The Girl in the Green Sweater
Page 19
There was another essential aspect of our survival, in addition to our sense of hope and our sense of order and routine: a sense of humor. My father had a great sense of humor. My mother, too. We were always laughing at this or that occurence, like the time my father was nearly hanged by the ghetto commander Grzymek and was admonished for leaving the gallows without his clothes. There was nothing to do but laugh, and very often this was how we made sense of the madness all around. We tried to find the humor in the simple accomplishment of remaining alive.
Once, I was sitting on the chamber pot, off in the shadows of the Palace, listening to the grown-ups argue about something or other. Always, the grown-ups were arguing, in a good-natured sort of way. Sometimes they seemed to argue just to hear themselves talk, to take up one side merely to contradict the other. I was a big philosopher when I sat on the chamber pot. I liked to sit and think and listen. The others would sit and go efficiently about their business, but I would remain on the chamber pot for the longest time, sitting and thinking and still somehow participating in the conversation in the main part of the Palace. I did not like to be left out, I suppose. Pawel used to have my mother help him when he had to go to the bathroom, but I was old enough that I could go by myself, and this privilege made me feel like a grown-up.
There was only the illusion of privacy. The adults and I were not so far away from each other, only three or four meters. Whatever the discussion was, I would put in my two cents, and on this one occasion it seemed the adults were bickering without letup. I was only seven, but I had heard enough, so from my philosophical seat on the chamber pot I said loudly enough for the others to hear, “You can never agree on anything. It is no wonder the Germans want to kill us all!”
It was a brazen thing to say, and darkly funny, especially coming from the lips of a child.
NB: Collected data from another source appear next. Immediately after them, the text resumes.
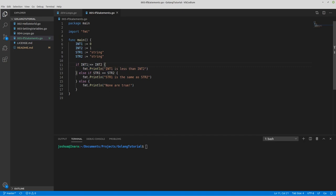Let's look at this real quick. We have this if statement — if int1, which is currently equal to 0, is less than or equal to int2. int2's value is 1, so if 0 is less than or equal to 1, that is true because int1 is less than int2. So since that's true, we're going to run everything inside this bracket — format print line — and then 'int1 is less than int2'. That's what would print out.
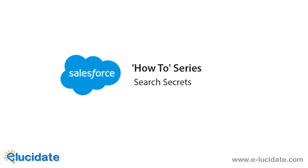Welcome to the Elucidate How-To Series for Salesforce. In this brief video, I will show you how to search for records in Salesforce.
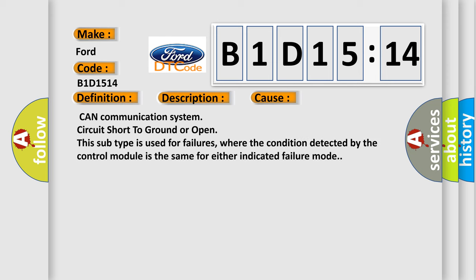This diagnostic error occurs most often in these cases: CAN communication system circuit short to ground or open. This subtype is used for failures where the condition detected by the control module is the same for either indicated failure mode.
It took the grown-ups by surprise, and right away they stopped their arguing and considered the precocious child in their midst, off in the shadows on the chamber pot. It even took me by surprise, that I should be so dismissive, so sarcastic, so bold in putting my elders in their place. To make a joke from our endlessly dire predicament, it was a very sophisticated thing. My father told me later that even the sour Chaskiel Orenbach was shocked into a smile over my remark. It was only a slight smile, this was true, and if you blinked, you might have missed it; but it was a smile just the same.
There was another time when I turned my sense of humor into mischief. The victim was Chaskiel Orenbach, and here again I was able to coax a smile from this cheerless man, only this time it took a while longer. Orenbach and Korsarz were quarreling over some small matter or other. It was nothing unusual for these two to quarrel, only it happened on a day that Korsarz was meant to cut everyone’s hair. Orenbach would not let the Pirate anywhere near him with a sharp pair of scissors, so I volunteered to cut Chaskiel’s hair instead, and he warily agreed.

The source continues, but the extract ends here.